Records:
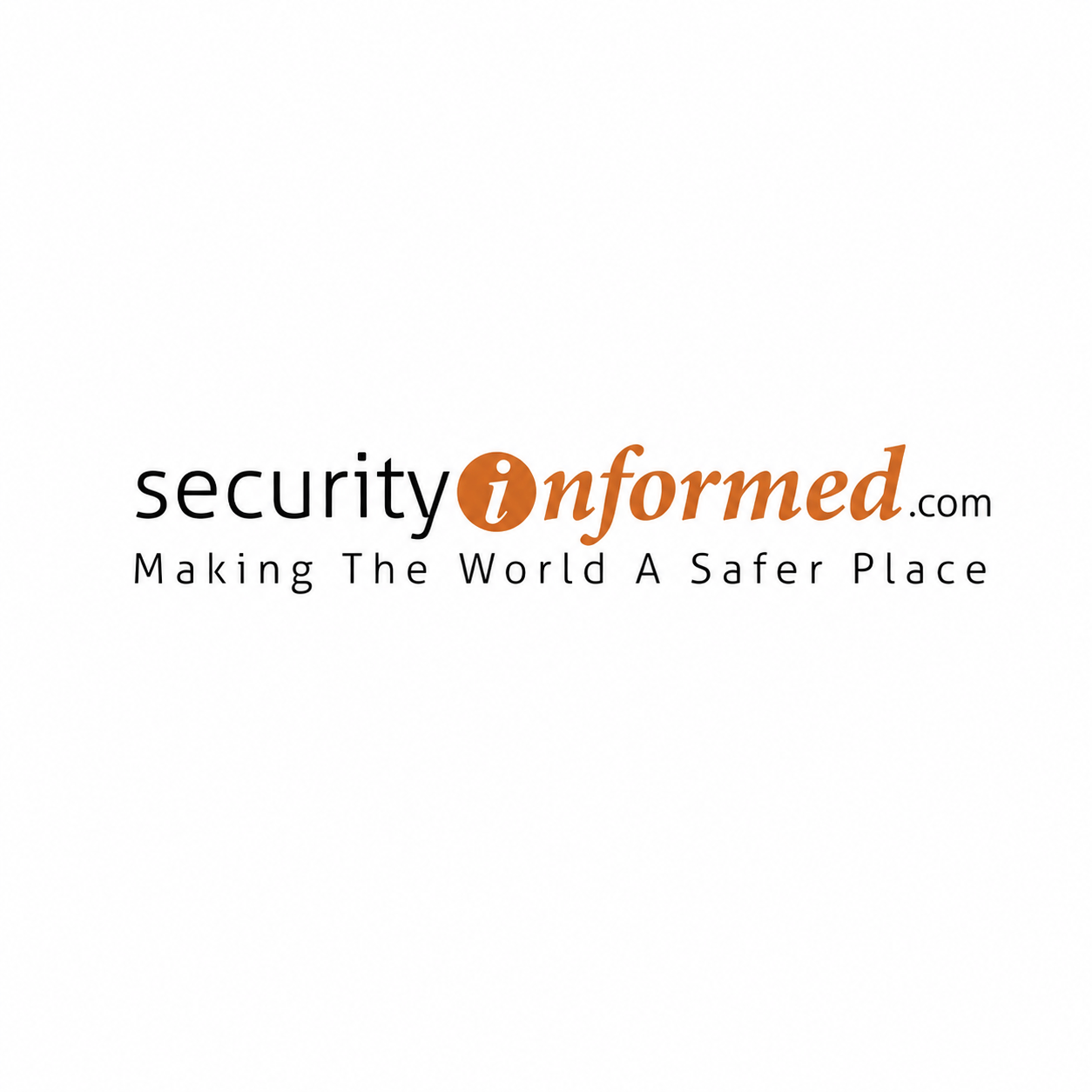 XPressEntry Enhances LenelS2 Cloud Access Control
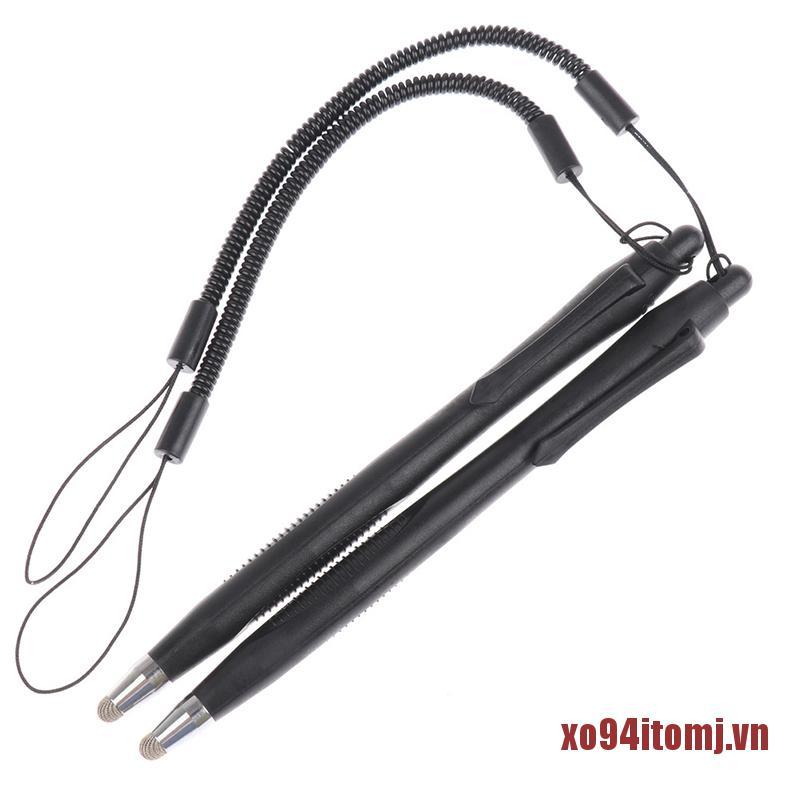 Bút Cảm Ứng Cho Điện Thoại / Máy Tính Bảng | BigBuy360 - bigbuy360.vn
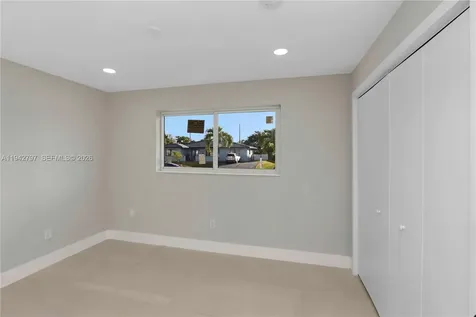 16232 SW 107th Court Miami FL 33157
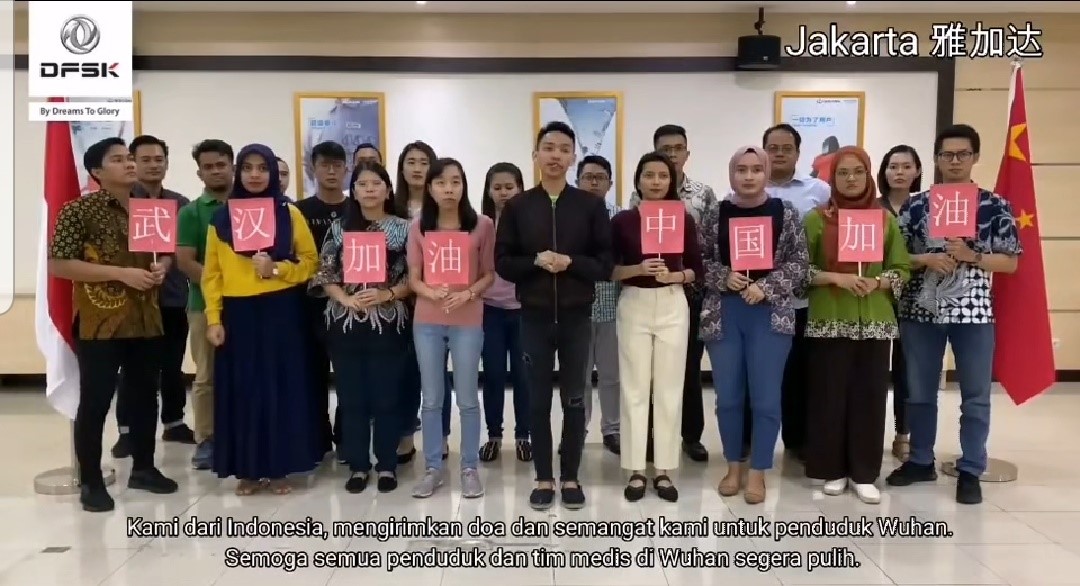 亚美AM8AG·(中国区)官方网站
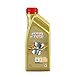 Produktbild CASTROL 15BA7B Motoröl Oel, Oil, Motor Ol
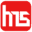 Icon for www.hostmerchantservices.com
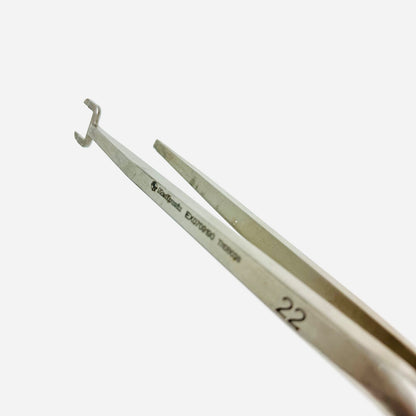 Medtronic EX0709190 Spreder / Distractor  Instrument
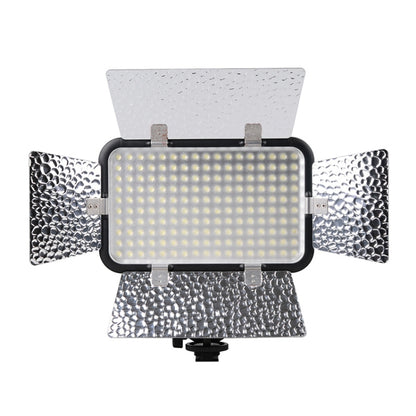 Godox LED170II LED Video Shoot Light -  by Godox | Online Shopping South Africa | PMC Jewellery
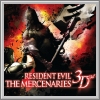 Komplettl�sungen zu Resident Evil: The Mercenaries 3D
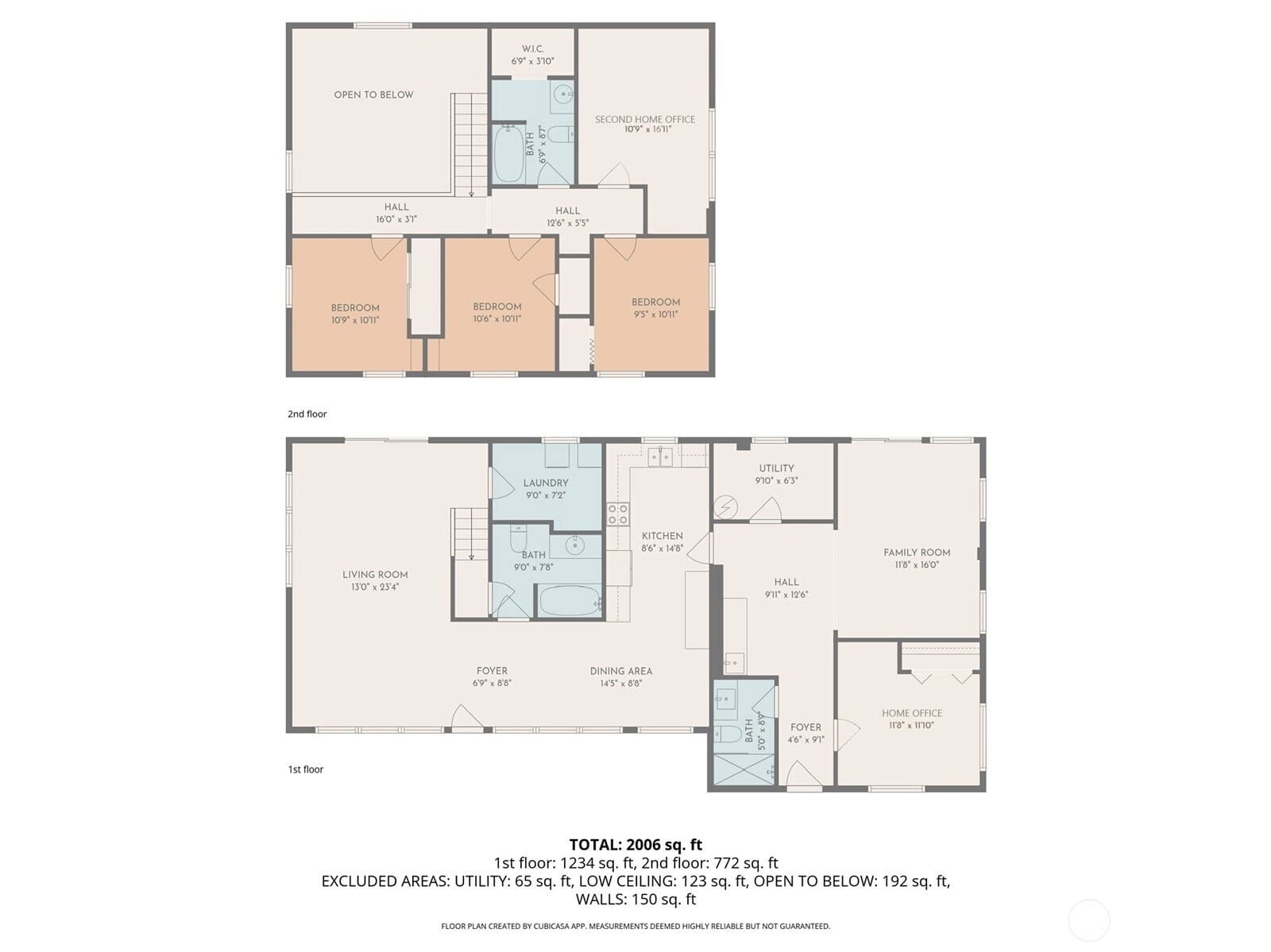 Property photo 39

Problem to work on: Exactly the lines from the one containing "Produktbild CASTROL 15BA7B" through the end of the data above: repeat those, both ends included, and nothing else. Skip the pictures.

Solution to this problem:
 Produktbild CASTROL 15BA7B Motoröl Oel, Oil, Motor Ol
 Icon for www.hostmerchantservices.com
 Medtronic EX0709190 Spreder / Distractor  Instrument
 Godox LED170II LED Video Shoot Light -  by Godox | Online Shopping South Africa | PMC Jewellery
 Komplettl�sungen zu Resident Evil: The Mercenaries 3D
 Property photo 39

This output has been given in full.